Approximately 1,300 tons of fuel oil leaked from the Amorgos into the sea surrounding Kenting National Park, causing major damage to the maritime and local environment.

Kenting National Park is an ecological attraction that draws millions of tourists each year due to its warm climate and its many natural phenomena, including limestone caves, monsoon forests and coastal rainforests.

Around 4 to 5 kilometers of the Kenting National Park shoreline was oiled by the spillage, creating a hazardous environment for the 200 bird species and estimated 2,200 plant species within the park. Park officials reported that contaminated coral and dead fish, crabs, shrimp, and clams have washed ashore.

==Delayed response==

There were many factors that contributed to the delayed response and subsequent clean-up efforts concerning the Amorgos incident.

The spill took place about two months after the Marine Pollution Control Act (MPCA) of Taiwan was publicized. As a result, the spill occurred during a transitional period in which the Ministry of Transportation and Communications (MOTC) and its Salvage Council for Maritime Disasters was delegating its authority to the Environmental Protection Administration (EPA).
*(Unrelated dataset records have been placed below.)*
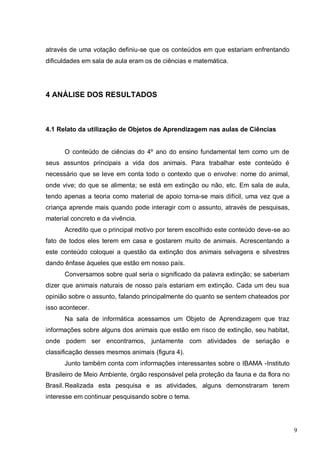 9
através de uma votação definiu-se que os conteúdos em que estariam enfrentando
dificuldades em sala de aula eram os de ciências e matemática.
4 ANÁLISE DOS RESULTADOS
4.1 Relato da utilização de Objetos de Aprendizagem nas aulas de Ciências
O conteúdo de ciências do 4º ano do ensino fundamental tem como um de
seus assuntos principais a vida dos animais. Para trabalhar este conteúdo é
necessário que se leve em conta todo o contexto que o envolve: nome do animal,
onde vive; do que se alimenta; se está em extinção ou não, etc. Em sala de aula,
tendo apenas a teoria como material de apoio torna-se mais difícil, uma vez que a
criança aprende mais quando pode interagir com o assunto, através de pesquisas,
material concreto e da vivência.
Acredito que o principal motivo por terem escolhido este conteúdo deve-se ao
fato de todos eles terem em casa e gostarem muito de animais. Acrescentando a
este conteúdo coloquei a questão da extinção dos animais selvagens e silvestres
dando ênfase àqueles que estão em nosso país.
Conversamos sobre qual seria o significado da palavra extinção; se saberiam
dizer que animais naturais de nosso país estariam em extinção. Cada um deu sua
opinião sobre o assunto, falando principalmente do quanto se sentem chateados por
isso acontecer.
Na sala de informática acessamos um Objeto de Aprendizagem que traz
informações sobre alguns dos animais que estão em risco de extinção, seu habitat,
onde podem ser encontramos, juntamente com atividades de seriação e
classificação desses mesmos animais (figura 4).
Junto também conta com informações interessantes sobre o IBAMA -Instituto
Brasileiro de Meio Ambiente, órgão responsável pela proteção da fauna e da flora no
Brasil.Realizada esta pesquisa e as atividades, alguns demonstraram terem
interesse em continuar pesquisando sobre o tema.
 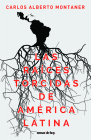 Las Raíces Torcidas de América Latina By Montaner Cover Image
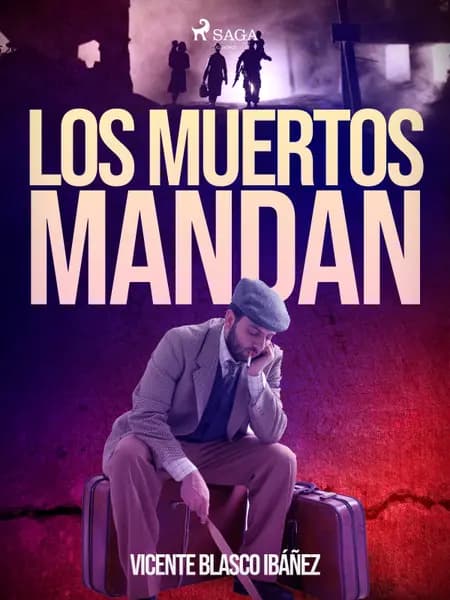 Los muertos mandan af Vicente Blasco Ibañez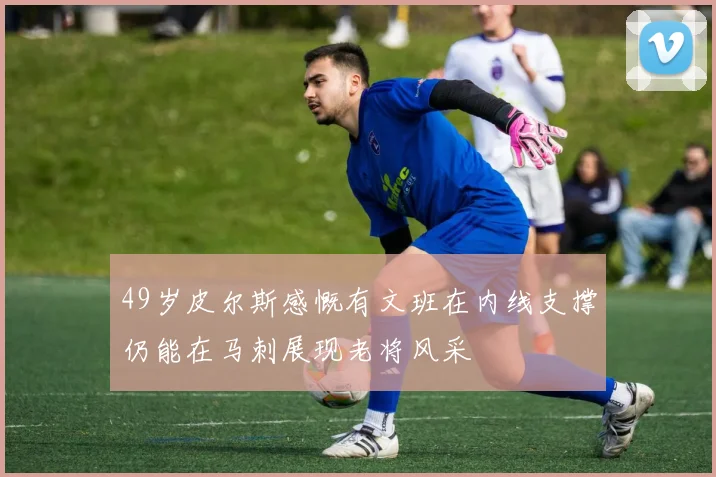 49岁皮尔斯感慨有文班在内线支撑仍能在马刺展现老将风采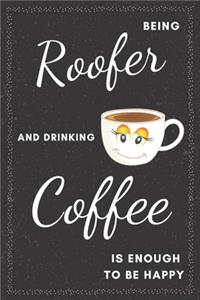 Roofer & Drinking Coffee Notebook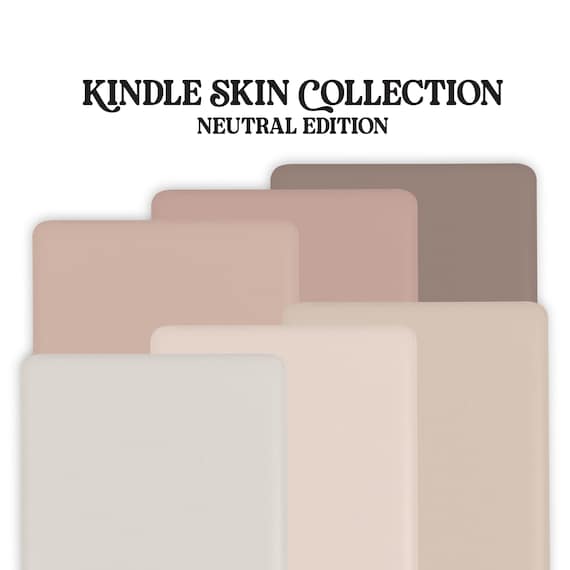 Neutral Kindle Skin Collection - Matte Finish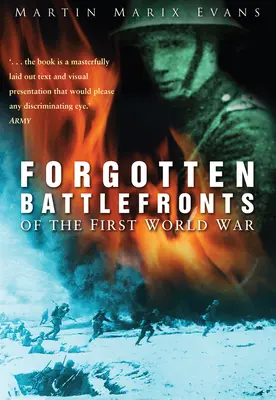 Vergessene Schauplätze des Ersten Weltkriegs - Forgotten Battlefronts of the First World War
The jurisdiction among the MOTC, CGA, and the EPA was unclear; therefore, it took longer for the EPA to open an investigation into the spill, allowing more time for the oil to cover a larger area and lay waste to maritime and coastal species.

The second factor was the observance of the Lunar New Year holidays, making it difficult for companies to hire local residents to clean up the mess. After the 5-day holiday, 40 local workers were hired in addition to 8000 soldiers commissioned to take part in the clean-up operations.

The third factor was the severe weather conditions that hampered efforts to clean up the oil. As a result, clean-up was restricted to manual retrieval of oil using buckets, hand nets, and scoops.

==Clean-up timeline==

Of the 1,300 tons of fuel oil that was spilt, some has been lost due to natural dispersion and evaporation by means of severe weather and rough seas. The oil was later emulsified due to the wave patterns which subsequently increased the area and volume of the spill. Despite these occurrences, most of the oil reached the Lungkeng Ecological Preservation Area within the Kenting National Park.

The affected shoreline consists of fossilized coral and various channels, making access to the oiled areas difficult. As a result, manual collection of oil was the only feasible option. Shoreline clean-up began on 25 January 2001, and lasted until about 14 February 2001, in which an estimated total of 300 tons of oil had been collected.

==Lawsuit and settlement==

In 2003, the EPA sued Assuranceforeningen Gard—the Norwegian insurer of the Amorgos as a result of the damage caused by the oil spill. Instead, the EPA settled with Assuranceforeningen Gard in March 2006, resulting in the ship's owner agreeing to pay a total of NT$34 million.